Exercise requirements: The answer is an exact repetition of every entry, with all images left out.

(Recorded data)
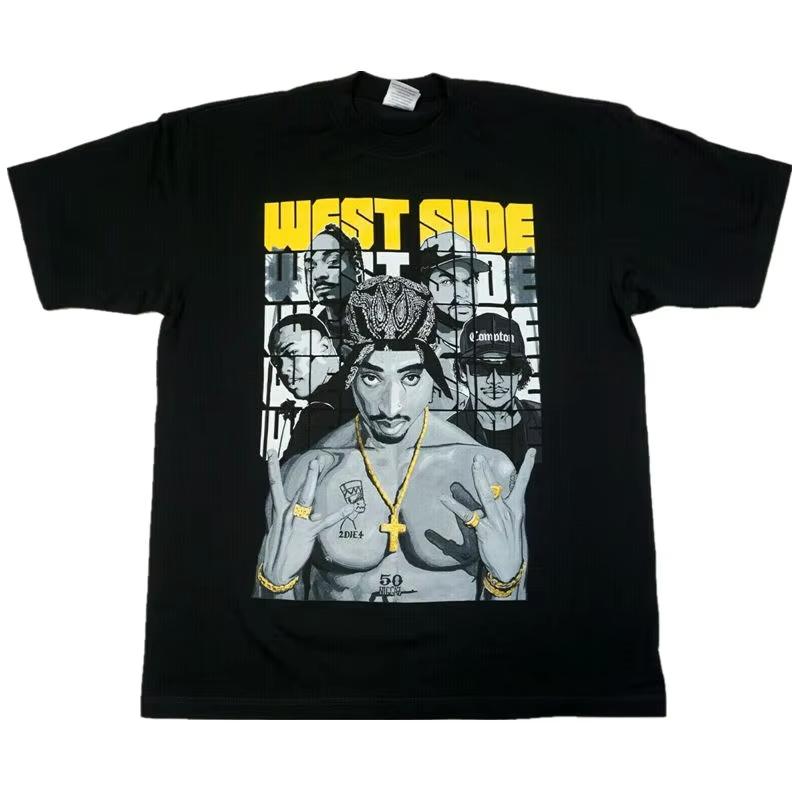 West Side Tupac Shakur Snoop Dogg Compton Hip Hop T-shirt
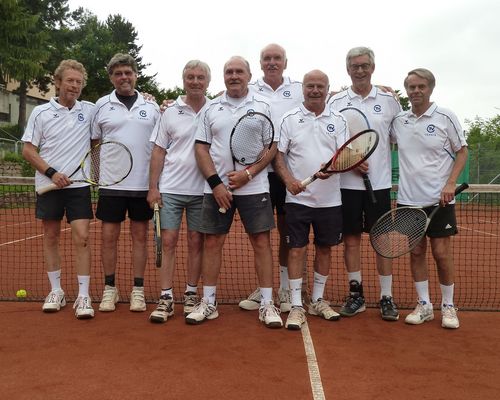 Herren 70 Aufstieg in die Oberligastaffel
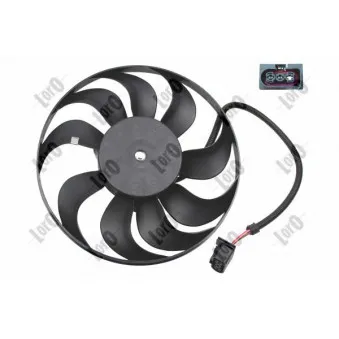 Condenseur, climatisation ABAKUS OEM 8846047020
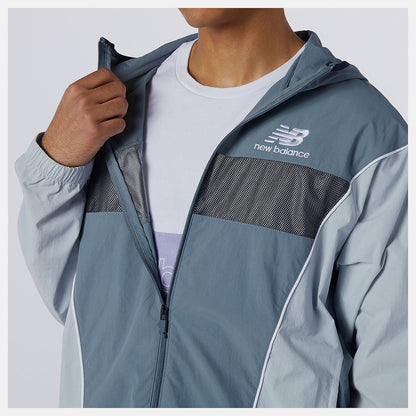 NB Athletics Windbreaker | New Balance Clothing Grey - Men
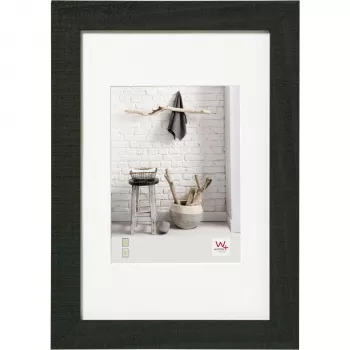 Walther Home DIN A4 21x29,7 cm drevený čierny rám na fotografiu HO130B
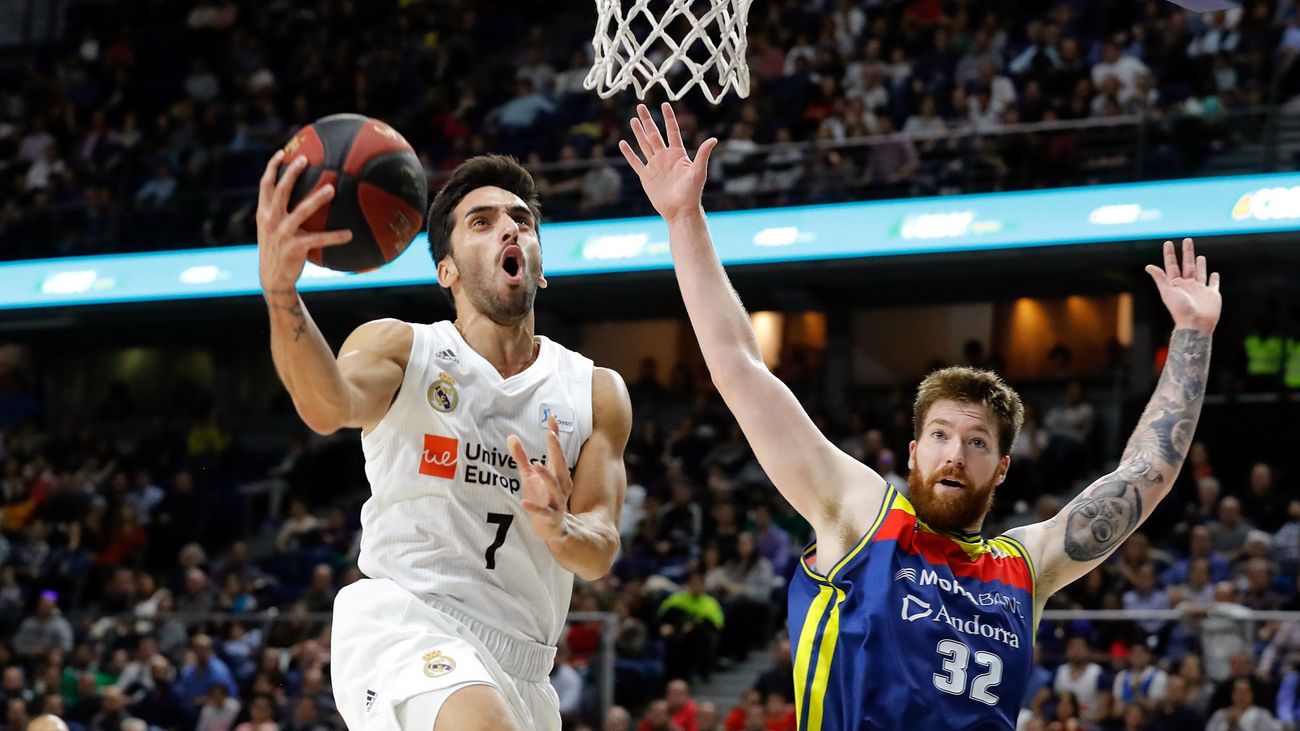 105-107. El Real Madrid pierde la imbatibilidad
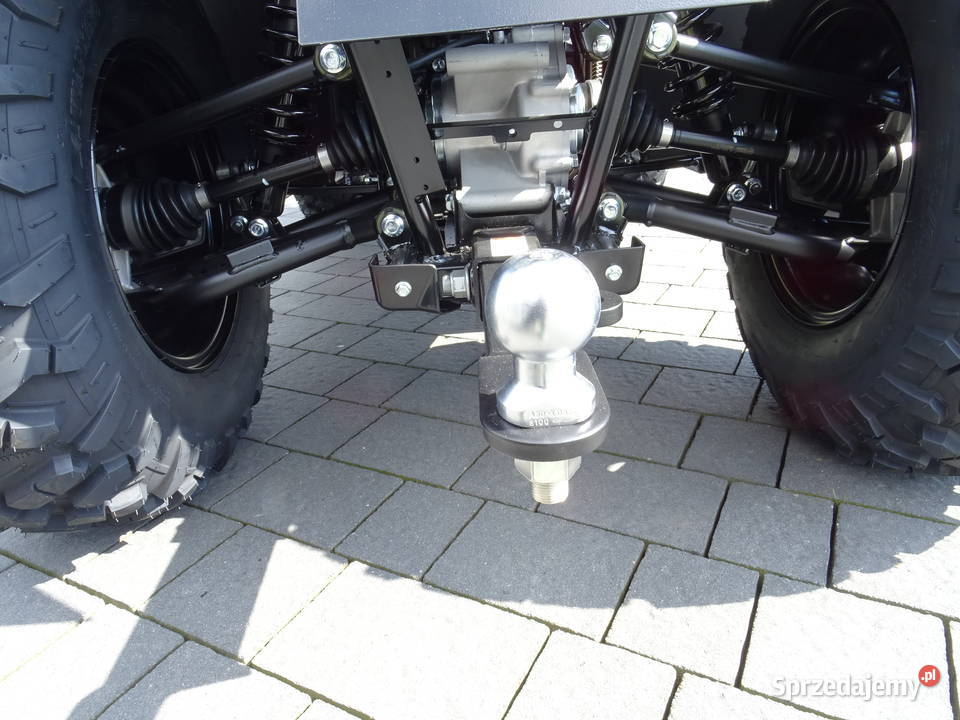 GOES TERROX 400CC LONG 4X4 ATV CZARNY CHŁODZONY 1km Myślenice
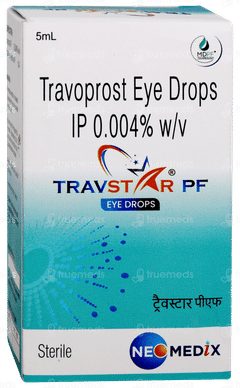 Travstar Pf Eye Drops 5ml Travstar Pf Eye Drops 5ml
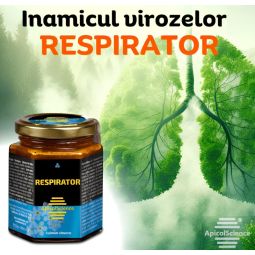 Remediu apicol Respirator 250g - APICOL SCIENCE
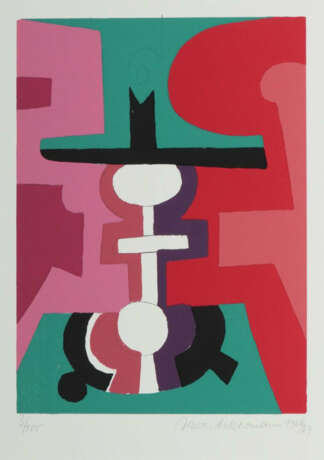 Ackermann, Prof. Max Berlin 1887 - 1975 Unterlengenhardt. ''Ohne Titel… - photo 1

Response box:
 West Side Tupac Shakur Snoop Dogg Compton Hip Hop T-shirt
 Herren 70 Aufstieg in die Oberligastaffel
 Condenseur, climatisation ABAKUS OEM 8846047020
 NB Athletics Windbreaker | New Balance Clothing Grey - Men
 Walther Home DIN A4 21x29,7 cm drevený čierny rám na fotografiu HO130B
 105-107. El Real Madrid pierde la imbatibilidad
 GOES TERROX 400CC LONG 4X4 ATV CZARNY CHŁODZONY 1km Myślenice
 Travstar Pf Eye Drops 5ml Travstar Pf Eye Drops 5ml
 Remediu apicol Respirator 250g - APICOL SCIENCE
 Ackermann, Prof. Max Berlin 1887 - 1975 Unterlengenhardt. ''Ohne Titel… - photo 1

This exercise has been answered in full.